61. In order to mobilize Latin American and Caribbean public opinion he recommended that Governments should support the framework given by Security Council resolutions 242 (1967) and 338 (1973); that they exert pressure on Israel through diplomatic, trade, economic and other means; that they continue to support the legitimate rights of the Palestinian people; and that they sensitize their citizenry to the plight of the Palestinians. NGOs should, through the mass media, churches and trade unions, mobilize public opinion, exert pressure on national Governments, and support and observe nationally and internationally the International Day of Solidarity with the Palestinian People and similar commemorative activities. He concluded by recommending that Latin American and Caribbean Governments, NGOs and other organizations should continue to give maximal support to the Palestinian cause; that they should lend their voices and support for an international peace conference; that they should join the growing international demand for an end to Israeli abuses of the human rights of Palestinians in the occupied territories, including a cessation of the establishment of Jewish settlements in the West Bank; that the United States and the Soviet Union be urged to exert maximum influence in order to convene the international peace conference; and that, through the holding of national and regional seminars, and the observance of the International Day of Solidarity, Latin American public opinion be constantly kept informed of developments in regard to the question of Palestine.
62. Mr. Jean-Marie Lambert, Executive Director of the Office of the International Co-ordinating Committee for NGOs on the Question of Palestine, referred to the past 42 years of the oppression of the Palestinian people and the current situation in the occupied territory and concluded that in view of the avalanche of human rights violations, the media in general were too silent and biased. He urged a struggle to be waged on two fronts. First, a concerted effort must be made to obtain all information from the occupied territories. He advised using press agencies situated in the occupied territories, to send missions of inquiry to the region and to arrange visits by Palestinians from the occupied territories, or better, to invite Israelis and Palestinians to meet with the media. Secondly, a sustained effort must be made to disseminate the news by using communication media to correct inaccurate news and oppose the law of silence of habit. With regard to Latin America, he said that it offered some good examples for changing the standard image of Israel as a democracy struggling for peace and a threatened nation whose security must be ensured. He argued that Israel was one of the powers which had sold the most weapons to a number of Latin American countries and had trained soldiers who had participated in organized repression by military dictatorships. In its relations with Latin America the State of Israel seemed more like a power that armed the executioners and reaped large benefits from arms sales and from military agreements.
63. He stressed that, in the area of the media, NGOs could be most effective in defending the inalienable rights of the Palestinian people. They should move away from amateurism, mobilize themselves and co-ordinate their efforts. He highlighted the impact of the intifadah on the media and emphasized that it was a media operation without precedent, for which the Palestinians had paid a high price. As a result, it was today an accepted fact that an equitable solution was needed and that the Palestinian people had the right to a homeland.

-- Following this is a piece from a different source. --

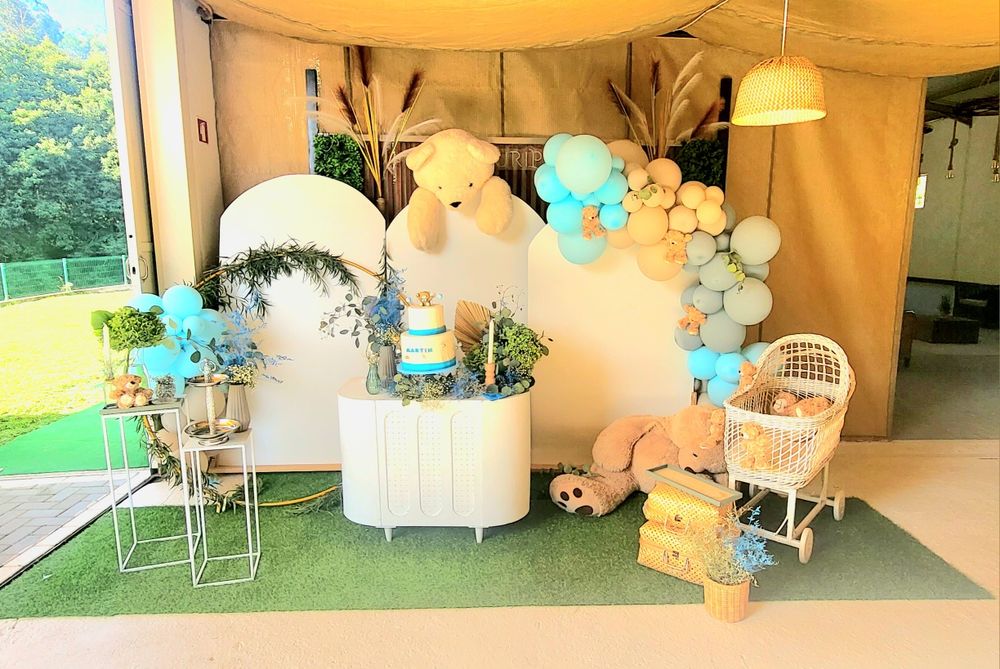 Espaço festas/eventos - piscina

64. He emphasized that current efforts had to be directed at the Israeli Government in order to make it accept negotiations and understand that there was a greater advantage in peace than in continuing the conflict indefinitely. One country could not fight indefinitely against a hostile international public opinion, nor against the opinion of its own public. He noted a change in Israeli public opinion, thanks to the struggle of peace forces in Israel. He concluded by saying that NGOs had the power to mobilize public opinion through media activities and political action, if they committed themselves to co-ordinated regional action in conjunction with international co-ordination.

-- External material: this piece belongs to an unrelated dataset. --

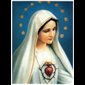 Print Virgin 12"x16" (30x40 cm) / un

65. Mr. Carlos Pachá, Chairman of Contemporary History at the National University of Córdoba, Argentina, said that in order to mobilize public opinion Latin Americans should use all media, not just the press. Organized courses should be geared primarily to people at the university level, who would eventually become the real opinion-makers. From his experience directing Causa Arabe, an organization for the study and dissemination of Arab culture and issues, he had obtained positive results by organizing basic courses at university level. He expressed the view that it was important to counter some dogma deriving from biblical studies which portrayed Palestinians as "Philistine invaders" and the invaders as legitimate inhabitants of the land. Another concept which should be eradicated was that of the "Palestinian terrorist" as propagated by Jewish-dominated media. The myths surrounding the conflict should at all costs be dispelled and it should be presented as it was, a political problem, stripped of any of the religious or racial overtones. He emphasized that in disseminating news it was imperative in every instance that it be handled with great seriousness and that everything said or published be documented to give it the stamp of objectivity. He outlined a number of suggestions for effective use of newspapers, electronic media and other methods of disseminating information and influencing public opinion.
66. Mr. Manuel Felipe Sierra, journalist from Venezuela, expressed the view that there were many similarities and coincidences between the political situation in Latin America and the just and legitimate struggle of the Palestinian people for its inalienable rights. The struggle for independence and self-determination was a constant in the history of the Latin American countries. Breaking the bonds of colonialism, the struggle of the Latin American peoples had been aimed at achieving independence and economic sovereignty. He stressed that the struggle of the Palestinian people was one of the noblest examples of heroism and sacrifice in history. He emphasized that the process of Latin American independence and the struggle of the Palestinian people for self-determination were related and their main objectives were essentially the same. There was now a better understanding of the conflict to which the Palestinian people had fallen victim. The current problems made joint co-operation among the Latin American countries necessary but, at the same time, made it more vital to express solidarity with other unequal struggles being waged in other parts of the world, such as the struggle against racism in South Africa or that of the Palestinian people against another form of repugnant totalitarianism. He said that the globalization of the economy and of politics thus served to lead the peoples fighting for their freedom to work together and find areas of agreement. There was a need to raise the awareness of the general public in Latin America. Editorial policies should provide a good framework for a better understanding of the struggle of the Palestinian people. Today, it was clear that the independence and self-determination of peoples constituted a prerequisite for the achievement of peace. Only peace and the settlement of regional conflicts would create the basic conditions for the development of countries. He noted that the current conditions were ripe for developing a comprehensive understanding in Latin America of the Palestinian struggle. The intensive use of alternative information sources and the information apparatus of national organizations would help sensitize public opinion, which had an indirect influence on the mass media. He concluded by saying that the most effective means of persuasion lay in the legitimacy of the struggle of the Palestinian people.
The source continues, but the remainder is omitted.